> **Task item**: If a line in the entries below holds the string "weightlifter", copy it.
++++ Dataset records ++++
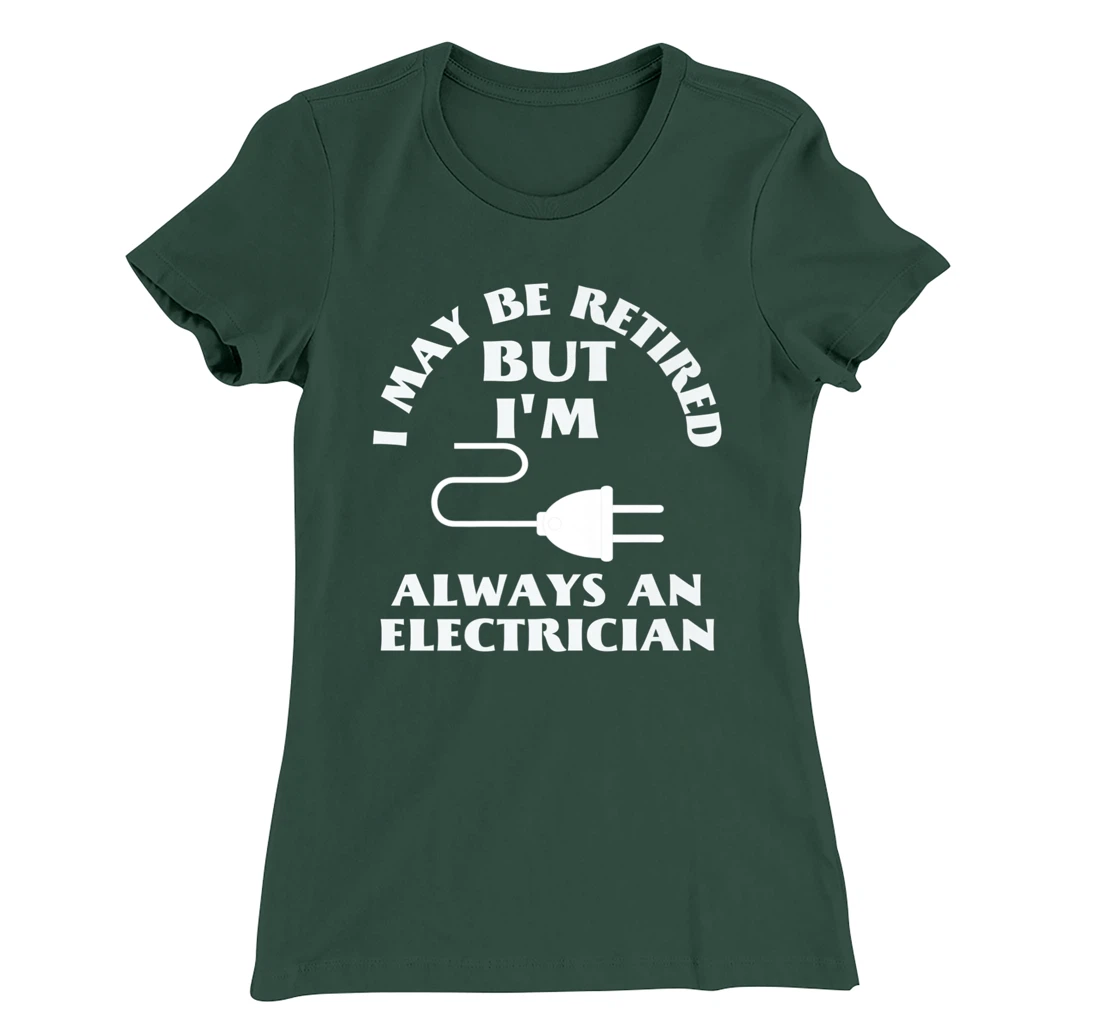 I May Be Retired But I Am Always an Elecrician Retirement T-Shirt, Women T-Shirt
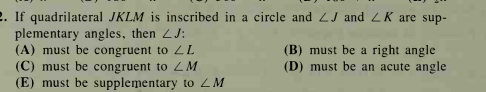 2. If quadrilateral JKLM is inscribed in a circle and 2J and ZK are sup-
plementary angles, then LJ:
(A) must be congruent to LL
(C) must be congruent to ZM
(E) must be supplementary to ZM
(B) must be a right angle
(D) must be an acute angle
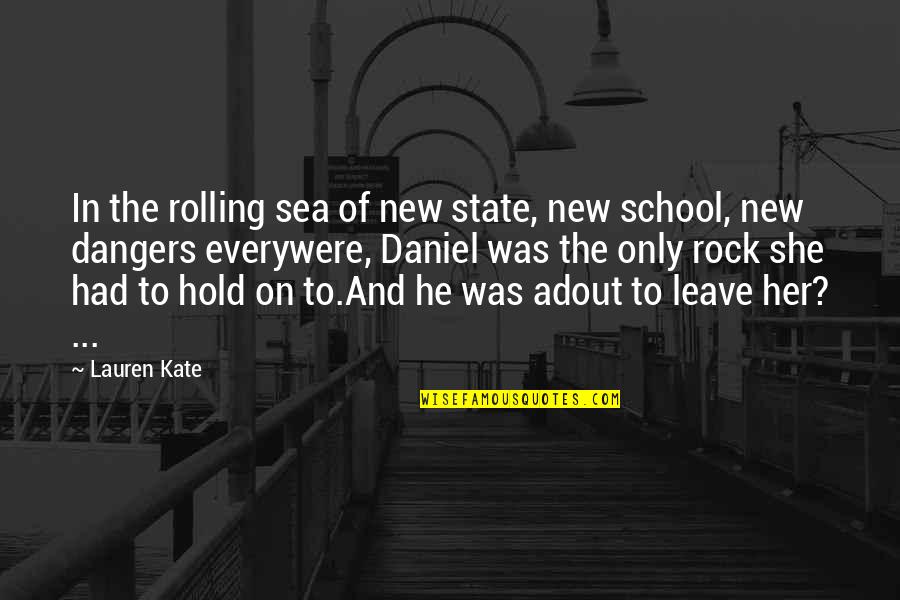 Loving A Rockstar Quotes By Lauren Kate: In the rolling sea of new state, new
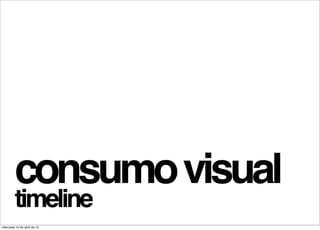 consumo visual
         timeline
miércoles 10 de abril de 13
 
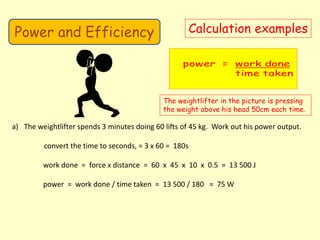 Power and Efficiency Calculation examples
The weightlifter in the picture is pressing
the weight above his head 50cm each time.
a) The weightlifter spends 3 minutes doing 60 lifts of 45 kg. Work out his power output.
convert the time to seconds, = 3 x 60 = 180s
work done = force x distance = 60 x 45 x 10 x 0.5 = 13 500 J
power = work done / time taken = 13 500 / 180 = 75 W
 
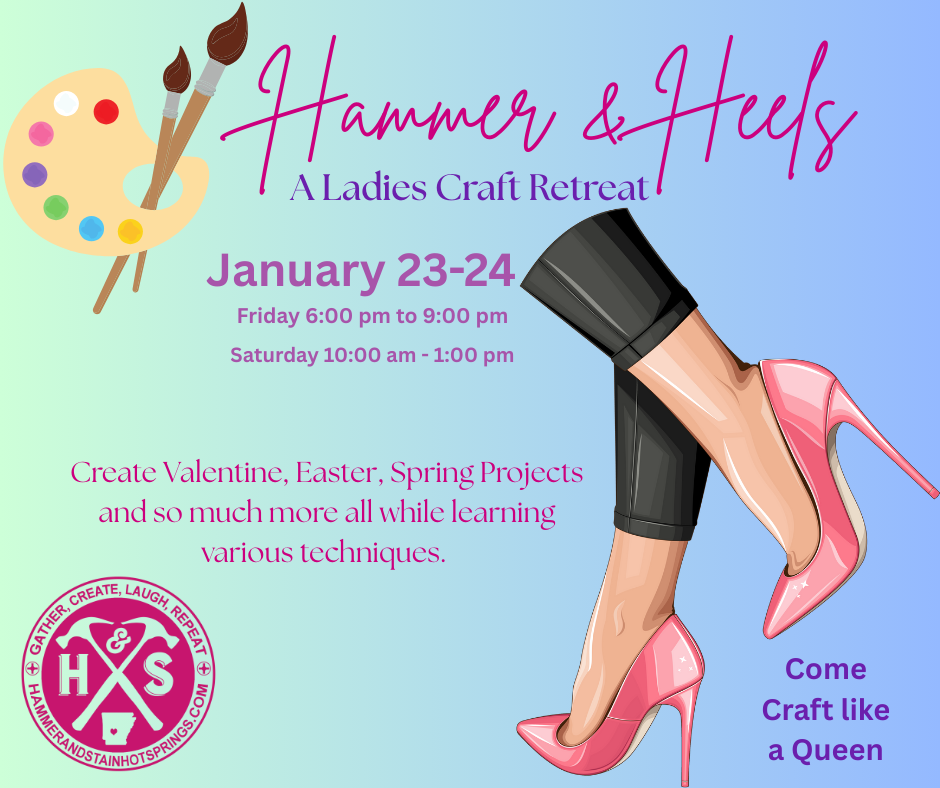 HAMMER AND HEELS: A LADIES RETREAT - JAN 23 & 24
++++
> **Result of the exercise**:
The weightlifter in the picture is pressing
a) The weightlifter spends 3 minutes doing 60 lifts of 45 kg. Work out his power output.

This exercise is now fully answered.